The process of buying a house has significantly changed ever since the coronavirus pandemic hit the US early this year. It’s hard to say when we can actually go back to the “old normal,” given that a dip in cases can very quickly rise again.
In the meantime, the real estate industry has been doing all it can to make our customers feel safer when purchasing or selling a house.
I know you have many questions about the impact of COVID-19 in real estate, especially if you’ve been searching for how to buy a house in Las Vegas. As a real estate professional since 2001, I compiled a list of Frequently Asked Questions about buying a home in the time of coronavirus. Here are the answers you might be looking for.
FAQ: Can I still buy a house now?
If you’ve been eyeing your dream home, it is possible to purchase it. Residential and commercial real estate are listed as essential services that can continue to operate, according to the Department of Homeland Security. Even if state orders can overrule that guidance, you can consult with your local real estate agency to find out if there are ways to transact a sale at this time – by abiding by health protocols, for example, or through virtual means. However, just be prepared for delays or a process that takes longer than usual. You also need to check if the seller is comfortable proceeding with the transaction. Your real estate agent can help answer any questions you have in the neighborhood you’re buying from.

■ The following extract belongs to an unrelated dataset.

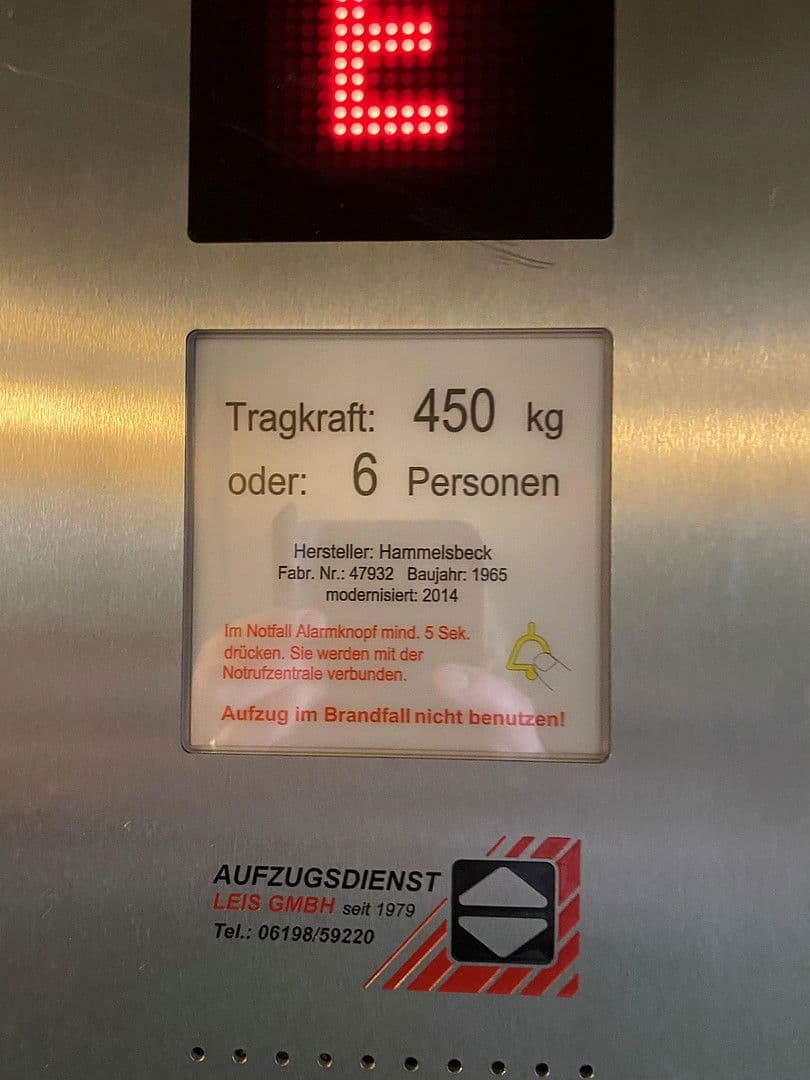 Prodej domu 1.208 m², pozemek 467 m², Dotzheimer Straße 61, Wiesbaden, Hessen Prodej domu 1.208 m², pozemek 467 m², Dotzheimer Straße 61, Wiesbaden, Hessen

FAQ: Should I visit open houses?
It’s advisable to avoid open houses for now. Nevada governor Steve Sisolak o signed a directive prohibiting open houses and in-person showings of tenant-occupied properties beginning August 1. Instead, real estate agents are encouraged to practice contactless transactions whenever possible for homes for sale in Las Vegas.
While one-on-one showings are allowed in non-tenant occupied properties, be sure to adhere to every precautionary health guideline.
FAQ: Is it still OK to buy a house now from a financial standpoint?
There are financial perks to purchasing a home now – mortgage interest rates are at an all-time low. This means lower monthly housing payments. You can take advantage of the current interest rates by making a competitive offer on a home and locking it in a contract once your offer has been accepted.
Note that there’s been a surge of home buying activity of late – precisely because interest rates are at a historic low. As a result, prices have risen compared to last year’s figures. Therefore, you need to weigh attractive interest rates against higher house prices. Think about which serves you best in the long run – or in the short term.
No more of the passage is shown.